Lurk had been on his extended summer vacation with Rich and Mary Ann. Ben said that Lurk ignored him for the first few days, as if he was slightly miffed about being removed from his vacation home, where Rich and Mary Ann spoil him rotten. But after a few days, Lurk settled back into his home routine, and took up residence on my side of the bed. I am afraid that Lurk has forgotten about me and I have asked Ben to talk to him on a daily basis. This also includes giving him special hugs and kisses from me. Unfortunately, Ben doesn't quite relate to that. When I was in New Jersey for chemotherapy for three months in 1994, I would call Lurk on the phone. He would rub his head against the phone and purr into the receiver! And Ben thinks Lurk doesn't know or care!

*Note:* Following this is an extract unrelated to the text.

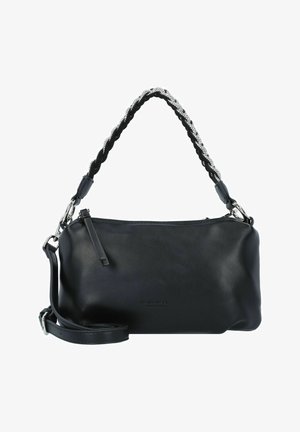 Sac à main en cuir noir avec une bandoulière tressée argentée et noire, fermeture éclair et bandoulière réglable. Présente une texture lisse et un branding minimal.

After leaving Reno Airport, Ben and I head out for California. We are staying in the Sacramento area tonight. We will be spending only a few days in California. It will be my first time on the West Coast, other than being in the San Francisco and LA Airports going to and from Hawaii in 1971.

August 17, 1998: Today, Ben and I drove through miles of farm country and vineyards in California. I had no idea that so much of California is farmland. I guess I should have figured that out from seeing all of the California produce in our grocery stores back home. We drove by almond and pistachio nut groves, apricot, avocado, nectarine and apple trees, fields of strawberries, melons and carrots. We saw truckload after truckload of plum tomatoes, probably on their way to processing plants where they will be turned into tomato sauce and related products.

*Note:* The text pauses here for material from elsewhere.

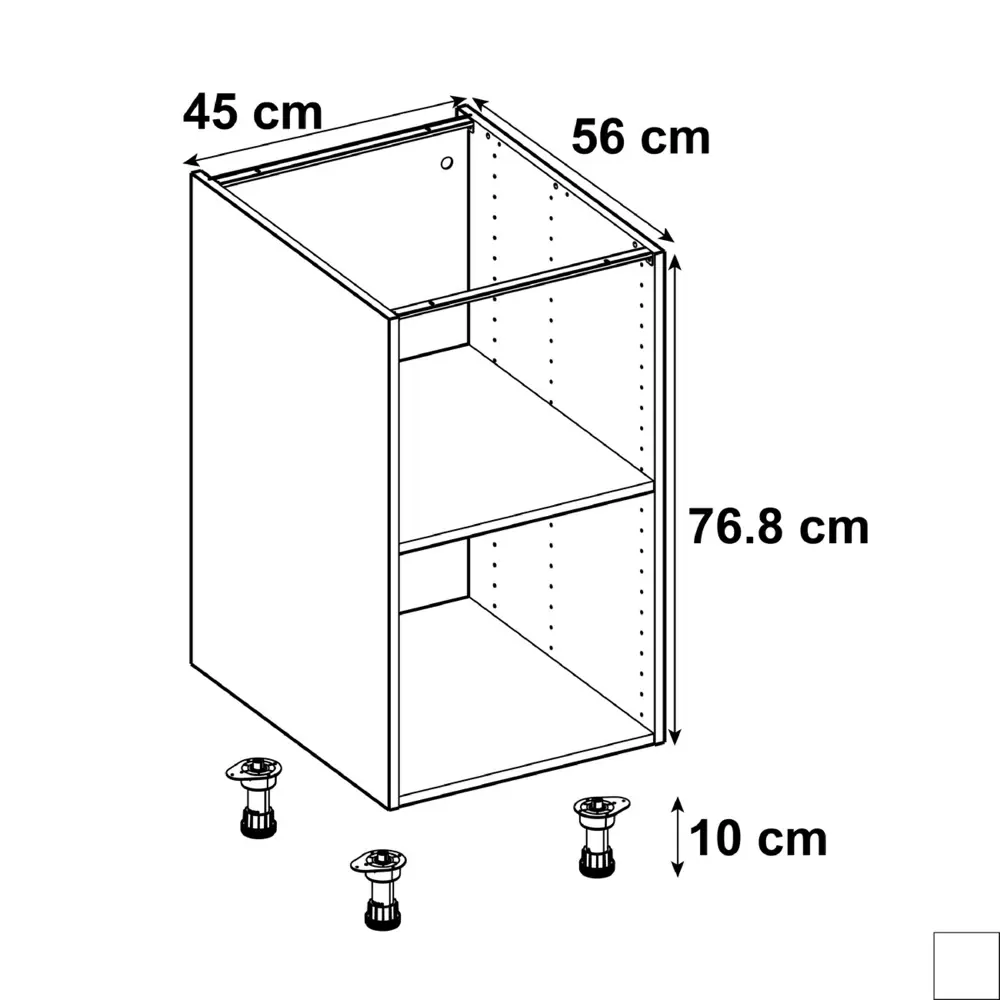 Каркас напольный Delinia ID 45x76.8x56 см, ЛДСП, цвет белый 82000273 STLM-2075675  - Вид №1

August 18, 1998: Today, we are in Anaheim, California at Corvette Mike's store. He has a beautiful shop, filled with many pristine previously-owned Corvettes for sale. Mike is waiting for us when we arrive. We had planned to stay at a local hotel, but when Mike asks me if I am tired of staying at hotels, I respond that I have stayed at a different one every night since mid June! He insists that we stay with him at his home in Anaheim Hills. He suggests that I go back to his home this afternoon to rest up for our appearance and reception tonight at his store. He leads us to his home and tells us to just enjoy ourselves and relax.

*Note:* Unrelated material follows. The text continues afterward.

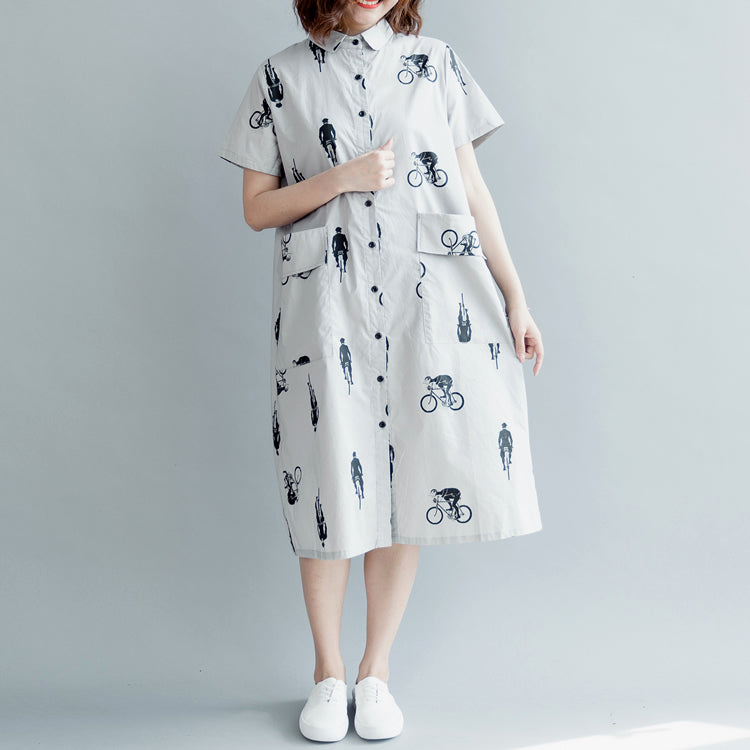 Boutique Gray Print Pure Cotton Dress Dress Boutique Short Sleeve Pockets Turn-down Collar Hollow Out Midi Dress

Mike and his wife, Sandy, have a beautiful home at the top of the Anaheim Hills. Steep canyons line the California hills and you can see how these areas are prone to mud slides and wildfires. The canyons are loaded with scrub and brush, and very exposed to the elements. Seasonally, conditions can be very dry and windy. Drainage areas for the rainy season provide only moderate relief during flooding.

Mike's home has a nice view of the valley. His yard is landscaped with small palms, pines and Eucalyptus trees, which are so common in California. I had to ask a landscaping man what kind of tree this was. Eucalyptus trees have leaves similar to willows, and they have a shaggy bark that peels off in huge sheets, much like sycamores.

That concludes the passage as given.